[7.9/10] Captain Kirk’s “Risk is our business” speech is, perhaps, the peak of The Original Series. It is, at the very least, the clearest enunciation of the show’s ethos -- that exploration of the great unknown is inherently dangerous and maybe even a little reckless, but that it’s worth it to improve ourselves in the process, to unlock the knowledge of the universe and behold the wonders in contains.

But there is hubris in that sentiment, or at a minimum a certain foolhardiness to it. It assumes that we’re prepared for whatever’s out there, that whatever hornets nests humanity inadvertently kicks on its journey through the stars will be manageable enough that the resulting harms won’t grossly outweigh the glowing benefits we’re chasing out there. To bolt blindly into the skies, push the boundaries of knowledge and understanding, is to risk not just loss but annihiliation, a potential cost that practically became the currency of Star Trek’s big screen outings, but still carries weight in the smaller stakes world of T.V.

“Q Who?” essentially puts Star Trek’s ethos on trial. Q claims to want to join the Enterprise crew, appearing out of nowhere to cause a bit of his usual mischief.
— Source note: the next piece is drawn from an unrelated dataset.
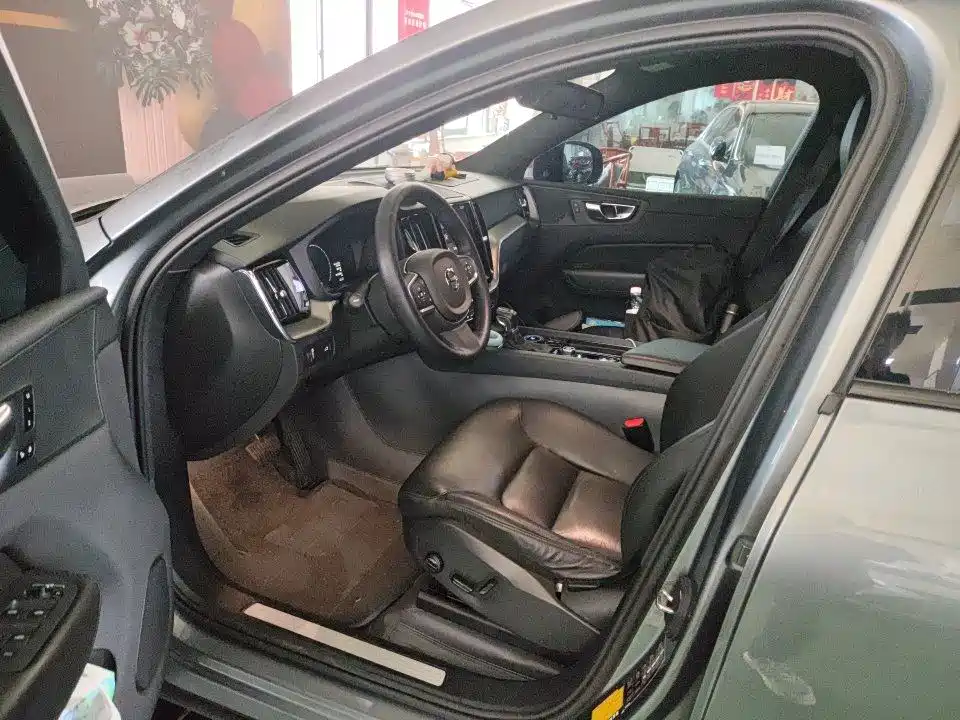 Volvo XC60 T5 4 WD Smart Vision Luxury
But his true goal seems to be his overarching mission -- to test us, to see if we’re worthy of the course humanity has laid out for himself. And what better way to measure whether humanity is truly ready for what lies ahead of it than The Borg.
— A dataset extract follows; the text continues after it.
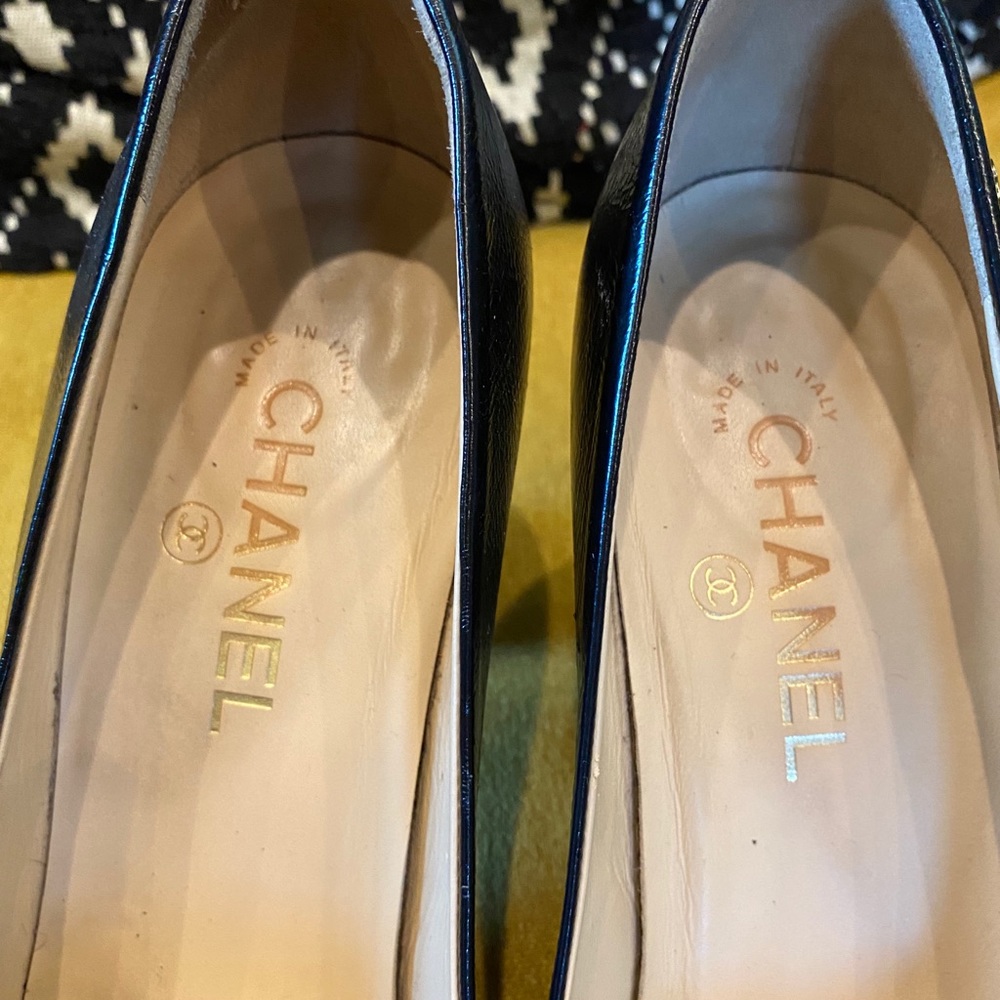 Chanel Heels Black and Gold accent - Picture 3 of 5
This episode is the debut of those recurring, half-mechanical monsters who would become the franchise’s biggest big bad until they were nerfed into a standard villain of the week. Even returning to their Star Trek origin here, after we’ve seen beaucoup assimilations, a full-fledged war, and even Borg crewmembers, the steampunk monstrosities make an impression unlike anything Picard and company have faced.
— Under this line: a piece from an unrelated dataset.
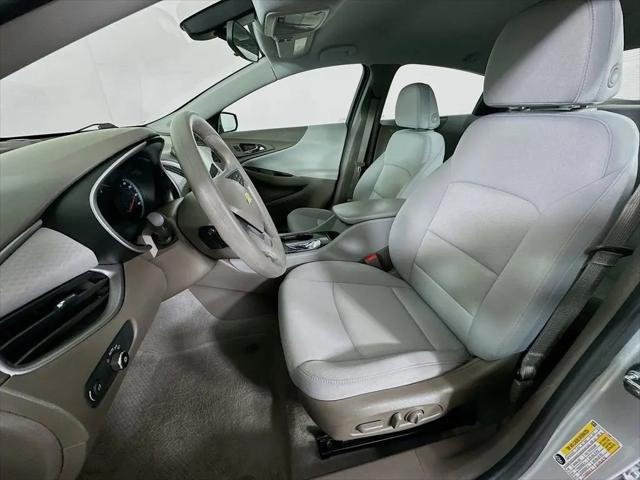 2022 Chevrolet Malibu FWD 1FL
Granted, part of that promise (Q’s promise, mind you), that this is an unprecedented challenge rings a little false. Lord knows that over the course of his five year mission and beyond, Kirk and his crew encountered plenty of what the Starfleet manual refers to as “profoundly weird shit” and, even in just a season and a half, Picard’s Enterprise had some unusual encounters. But The Borg still represent a shift from business as usual that justifies their existence as a distinctive, and arguably unwinnable challenge for our heroes to face here.

The Borg cannot be reasoned with. They cannot be soothed with diplomacy, repelled with superior force, or even run away from. None of Starfleet’s usual tricks will work here. Instead, they are single-minded, both in the sense that they want only to strip-mine humanity for its technological resources, and in that they are a collective intelligence, one that exists as a single consciousness despite the implied presence of thousands of humanoid drones at their disposal.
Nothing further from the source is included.